Lo que Messi no dice

En su primera entrevista como campeón del mundo evitó la tentación demagógica y prefirió la autocrítica.

Por Gonzalo Abascal
Para Clarín

Pasaron 43 días desde que levantó la Copa del Mundo y se consagró (lo consagraron) mejor futbolista del Mundial de Qatar. 43 días de gloria que continuarán hasta la eternidad: nadie podrá quitarle a Messi lo conseguido.

No había hablado hasta ahora, y lo hizo. Mérito de Andy Kusnetzoff y su equipo de radio Urbana Play. Era la entrevista que todos querían y la consiguieron. Vale.

Y vale escucharlo a Messi en la cúspide de su carrera. Merece ser escuchado por lo que dice, pero también, y quizás más, por lo que calla. Por lo que evita.

“Desde ese día cambió todo para mí”, dijo. Y la definición dimensiona la conquista, pero sobre todo descubre su exigencia interna.

Porque, ¿qué es lo que cambió para él? No lo económico, variable que ni aparece en esta ecuación. ¿Lo deportivo? Antes de Qatar había ganado 41 títulos. El Mundial es el más importante, se sabe, pero nadie podía decir que no era “ganador”.

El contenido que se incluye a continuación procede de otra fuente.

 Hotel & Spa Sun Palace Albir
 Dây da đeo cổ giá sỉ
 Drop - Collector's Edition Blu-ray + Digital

¿Entonces? Lo que cambió es íntimo y a la vez decisivo. Lo que él define como “todo” parece ser su propia voz, el sentimiento de alivio de quien al fin apaga su exigencia interna.

Semejante imperativo no parece justo, seguramente no lo es. Sin embargo el deporte, y sobre todo el fútbol, construyen (construimos) estos venenosos malentendidos, con etiquetas de “ganadores” y “perdedores” tan repetidas como arbitrarias y vacías de verdad.

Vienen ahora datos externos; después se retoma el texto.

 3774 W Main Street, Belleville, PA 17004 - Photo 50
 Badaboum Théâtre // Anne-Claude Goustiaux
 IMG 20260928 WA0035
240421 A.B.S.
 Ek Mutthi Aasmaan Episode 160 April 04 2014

Si sabemos leerlo, Messi debería representar un punto de inflexión en la capacidad colectiva de reflexionar sobre los futbolistas, sus triunfos y sus derrotas.

“El gesto que le hice a mi familia de ‘Ya está’ era que se había terminado el sufrimiento, de muchas decepciones, de finales perdidas, de estar cerquita y que no se dé. Había recibido muchísimas críticas de todos los colores y sabía que mi familia sufría mucho más que yo. Se dijeron cosas injustas, que sobrepasaban lo futbolístico y era lo que me molestaba y me dolía. Era cerrar el círculo, ganamos la Copa América, el Mundial, ya está, no queda nada”.

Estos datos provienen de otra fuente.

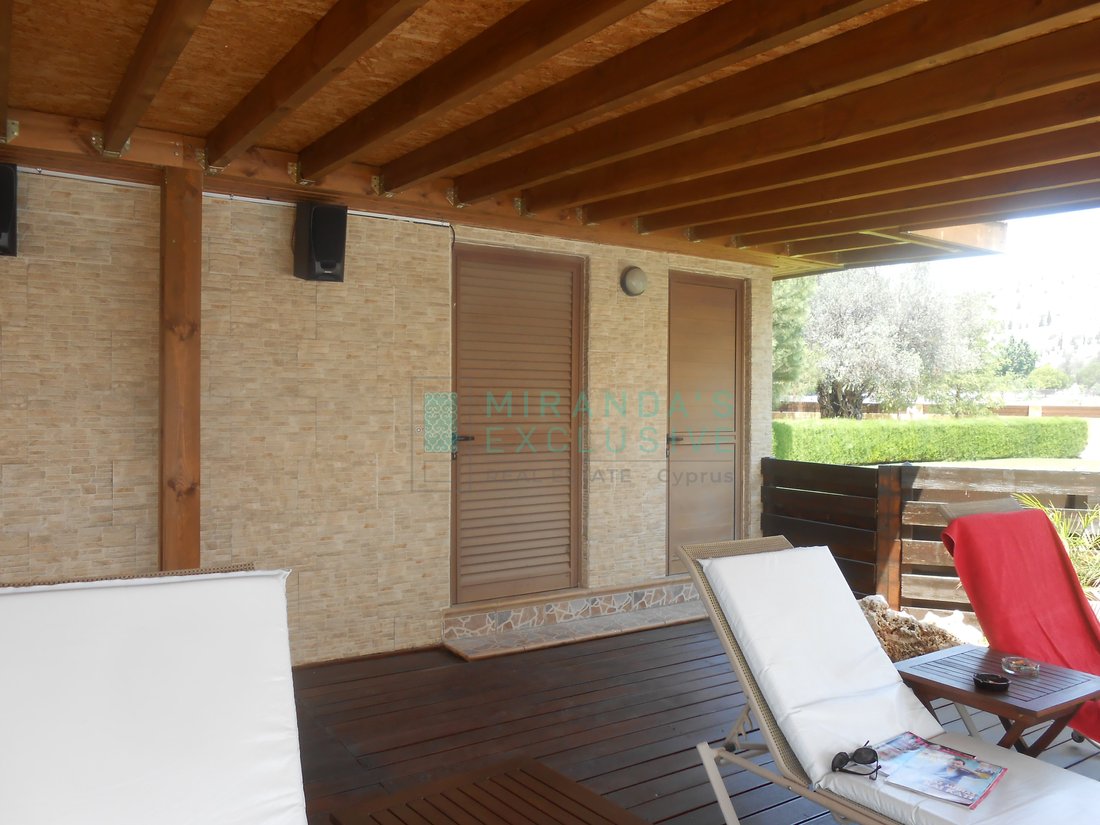 House in Alampra, Nicosia, Cyprus 5 - 15751604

En el párrafo anterior se adivina una clave de lo que Messi se ahorra, de lo que gambetea. En un gesto casi contracultural en el fútbol argentino, no asoma en él ningún revanchismo.

No dice, “vos también la tenés adentro…”. No grita, “que la sigan chupando”; tampoco señala con el dedo “vos son contra mío”.

No identifica enemigos, seguramente porque no los asume como tal, y en esa decisión evita una grieta que se activaría -y con qué energía- con media palabra suya.

Y hay más. ¿Qué fue lo que todos, o casi todos, le aplaudimos? ¿Aquello que por fin lo identificó como “argentino”? ¿Lo que lo confirmó como uno de nosotros? ¿Lo que incluso mereció la puntual adhesión de la vicepresidenta, que escribió: “Y un saludo especial después de su maradoniano ´andá pa allá bobo’, con el que se ganó definitivamente el corazón de los y las argentinas”?

Nadie le sacaría el lomo a semejante caricia. Sin embargo, dijo él: “No me gustó lo que hice”. Evitó la tentación demagógica y se atrevió a resignificar lo “maradoniano” y hasta lo “argentino” (asociados a la agresión desafiante) que la propia vicepresidenta identificó como necesario para ganarse los corazones.

A la rica historia del fútbol argentino la Selección le sumó la tercera Copa del Mundo. Quizás Messi pueda dejar algo más. La posibilidad de repensar categorías que con su carrera demostró falsas y destructivas. El problema es que ahora depende de nosotros.